Zoe: Nobody's saying that, sir. Wash: Yeah, we're pretty much just giving each other significant glances and laughing incessantly.

'Our Mrs. Reynolds'


Natter 68: Bork Bork Bork  

Off-topic discussion. Wanna talk about corsets, duct tape, or physics? This is the place. Detailed discussion of any current-season TV must be whitefonted.


flea - Aug 09, 2011 1:44:41 pm PDT #19909 of 30001
information libertarian

If he's really young, he could be young enough that his PARENTS named him 3ric.

I wonder how my college's roommate's old friend Sun King Davis is doing on Google+.

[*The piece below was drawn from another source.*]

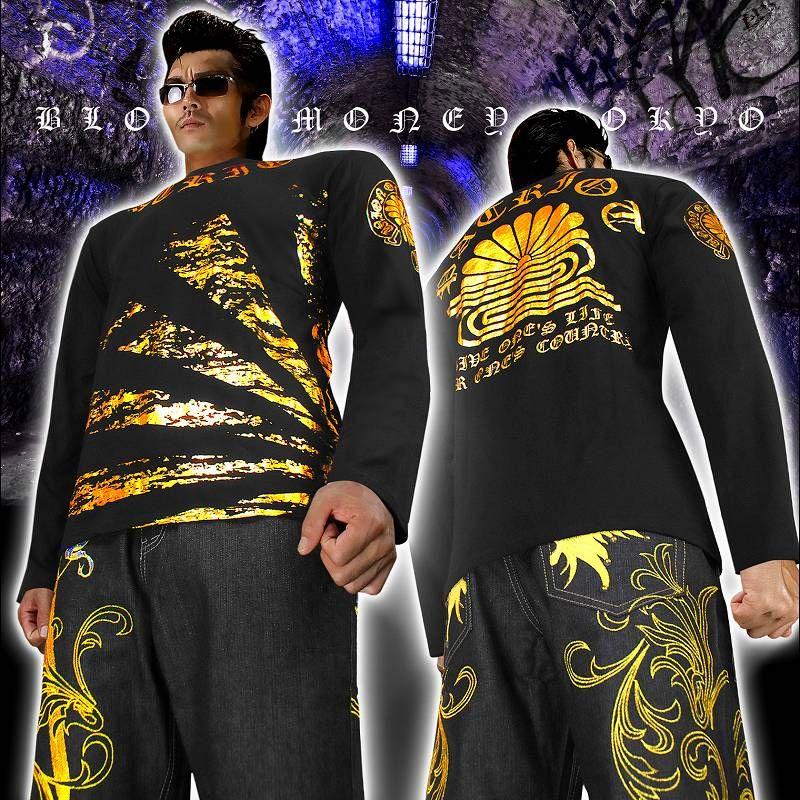 ポイント10倍 14027黒-金 ヤクザ ブランド長袖Tシャツ ロンT 日章菊水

Steph L. - Aug 09, 2011 1:49:48 pm PDT #19910 of 30001
this mess was yours / now your mess is mine

The price of used cars with good fuel economy has gone up a lot since the beginning of the year due to rising fuel prices.

Man, the Toyota dealership sends me e-mails every other month or so, practically offering me hookers and blow if I'm willing to sell back my Echo to them. Mind you, it's 11 years old and has over 130,000 miles on it. But they still want it (very likely because it still averages 32-33 mpg).

If he's really young, he could be young enough that his PARENTS named him 3ric.

I went to college with an attention-whore eccentric young woman who legally changed her first name to have an exclamation point at the end. And she made people say her name that way, with an uplift at the end. I did not like her.


Polter-Cow - Aug 09, 2011 1:56:45 pm PDT #19911 of 30001
What else besides ramen can you scoop? YOU CAN SCOOP THIS WORLD FROM DARKNESS!

I went to college with an attention-whore eccentric young woman who legally changed her first name to have an exclamation point at the end. And she made people say her name that way, with an uplift at the end. I did not like her.

Heh. How do you feel about David Malki !?

I spell my name with an exclamation point, like so: David Malki !

It’s considered an honorific, and used in the same manner as “Jr.” or “PhD”: there’s a single space before it. The exclamation point is not pronounced — though many have tried, often with hilarious results.


flea - Aug 09, 2011 2:03:08 pm PDT #19912 of 30001
information libertarian

Sounds like Sandi! from that SJP movie.

The Toyota dealer tried to get us to sell back our 2010 Matrix to them, and presumably buy something like an SUV. Nuh uh. I also, oddly, got a marketing email from the local Volvo dealership at my work email. Like I can afford a Volvo on my salary!


§ ita § - Aug 09, 2011 2:06:40 pm PDT #19913 of 30001
Well not canonically, no, but this is transformative fiction.

He changed it to 3ric. It's all on him.

I want to be ita ! now. But not an uplift--you have to raise your eyebrows at the end of my name. Yes, I shall be ita ! De La O. Bow down and profess your love to me, because I am that ridonkulous.

(I am sitting at my desk making ! faces--luckily no one can see my desk from where they sit)


Hil R. - Aug 09, 2011 2:19:01 pm PDT #19914 of 30001
Sometimes I think I might just move up to Vermont, open a bookstore or a vegan restaurant. Adam Schlesinger, z''l

Sounds like Sandi! from that SJP movie.

Wasn't that SanDeE* ? I remember the "big S, small a, small n, big D, small e, big E."


Sophia Brooks - Aug 09, 2011 2:27:26 pm PDT #19915 of 30001
Cats to become a rabbit should gather immediately now here

Man, the Toyota dealership sends me e-mails every other month or so, practically offering me hookers and blow if I'm willing to sell back my Echo to them. Mind you, it's 11 years old and has over 130,000 miles on it. But they still want it (very likely because it still averages 32-33 mpg).

Also, because I think they would sell it for $10,000!

I actually just really wish Rochester would get a zipcar that I could get without taking a bus. I am only thinking of getting a car because about 2X per month, I need to drive. The only problem is that I think if I get a vehicle the rides I get would dry up. But, I want to be able to take my kitty to the vet... she is getting old.


§ ita § - Aug 09, 2011 2:30:13 pm PDT #19916 of 30001
Well not canonically, no, but this is transformative fiction.

I just begged out of the intramural volleyball tourney this week by saying I was childish and a bad competitor. If you laugh when you say it, they don't treat you like it's true.


DavidS - Aug 09, 2011 2:41:56 pm PDT #19917 of 30001
"Look, son, if it's good enough for Shirley Bassey, it's good enough for you."

ita !

Heh. ::raises brow in salute::


Consuela - Aug 09, 2011 2:47:24 pm PDT #19918 of 30001
We are Buffistas. This isn't our first apocalypse. -- Pix

argh, I hate FB. I just talked myself out of replying to a conservative talking point posted by a former coworker.

Seriously: how can anyone say "Yay that welfare recipients in FL and KY have to get drug tests!" without realizing that by that logic, I should get a drug test before I get my mortgage interest tax deduction, or a library card?